Cada uno de ellos tenía asignadas tareas específicas en la Befos y el Ares. Cada una de esas tareas tenía que ser aprendida y evaluada hasta la saciedad. Al conocimiento teórico de los sistemas, seguiría una fase de evaluación computerizada, y la fase final de ensayo en simulador y en tanque de agua.
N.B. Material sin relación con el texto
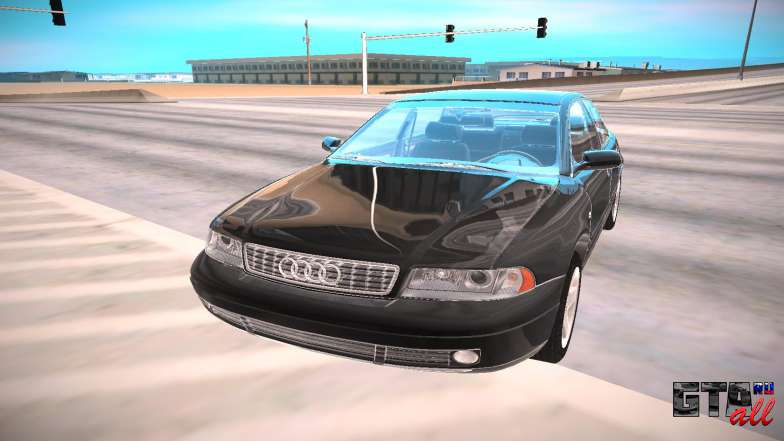 Audi A4 для GTA San Andreas - вид спереди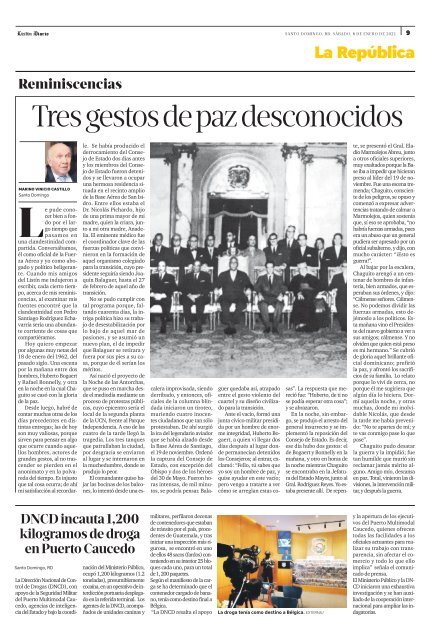 Listín Diario 08-01-2022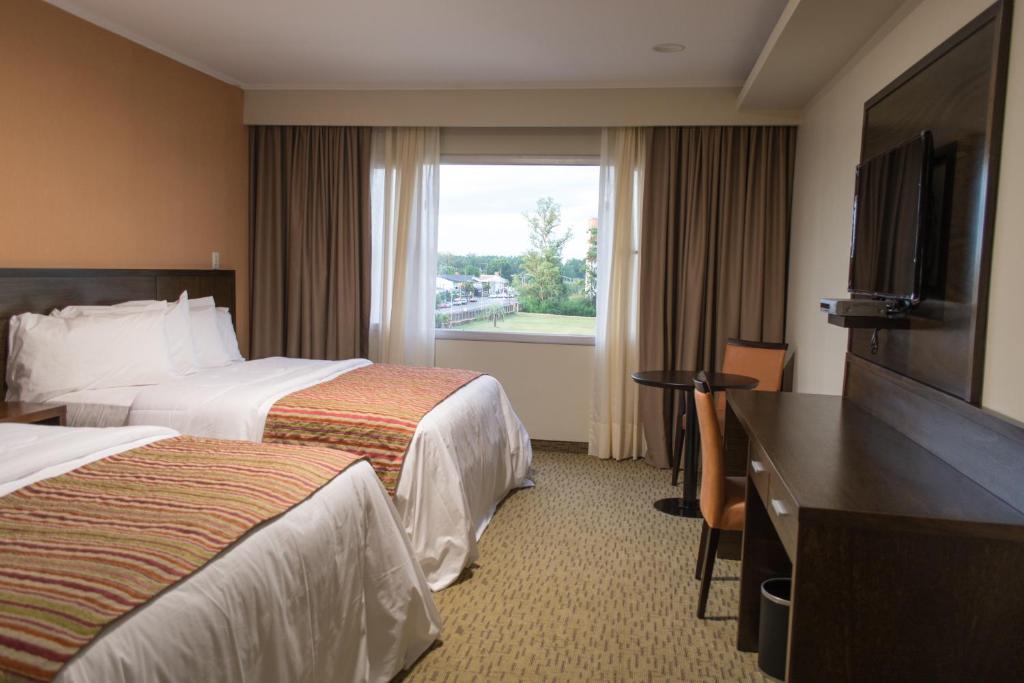 Postel nebo postele na pokoji v ubytování Mayim Hotel Termal & Spa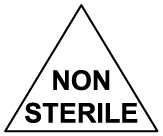Symbol Glossary 12 Non sterile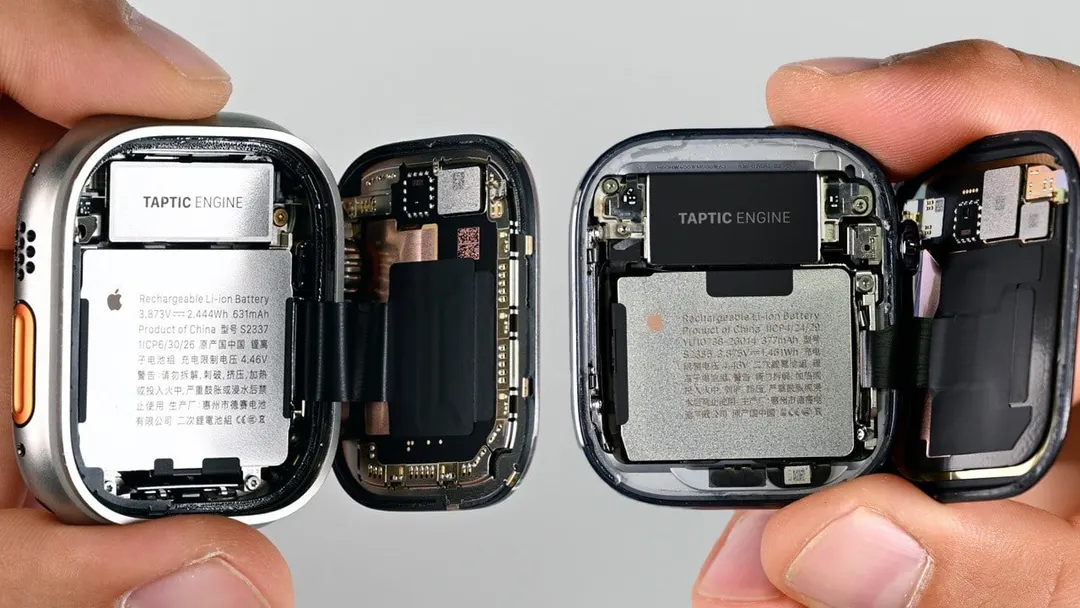 iFixit разобрала Apple Watch Ultra 4 и Series 12: ремонтопригодность 4/10
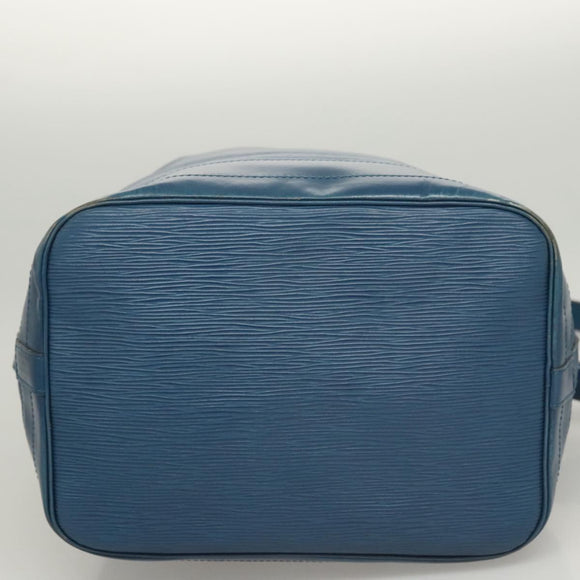 LOUIS VUITTON Epi Noe Shoulder Bag Toledo Blue M44005 LV Auth bs26070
En el hangar 30 del JSC la NASA-ESA había construido una réplica exacta y perfectamente funcional de toda la nave Ares al completo, hasta el último tornillo, toda ella cableada y operativa. Era el mayor y más completo simulador jamás construido. Dentro de la nave la sensación de estar en el espacio profundo era completamente verídica. Lo único que faltaba era la escasez de peso.

Todos y cada uno de los astronautas odiaban aquel hangar y aún más al director de evaluación y entrenamiento, John Jiménez. Aquel sitio era el infierno, y John el diablo. Sentado en su consola, asistido por demonios menores, se ocupaba de preparar y activar anomalías de los sistemas, fallos, problemas que iban desde un módulo de computadora defectuoso a una descompresión explosiva que les arrojaba a una nada ficticia asfixia cuando todo el aire de la nave desaparecía bruscamente.

Indefectiblemente, tras un fallo catastrófico, la voz de John en los altavoces de cabina resonaba lúgubre y ligeramente irónica.

– Estás muerto amigo.

Para todos aquellas horas pasadas en el simulador eran una tortura. Sabían que no sólo se les evaluaba técnicamente, sino que también se verificaban estudios de presión psicológica. Tanto era así que hubo algunos que incluso se derrumbaron en medio de la prueba.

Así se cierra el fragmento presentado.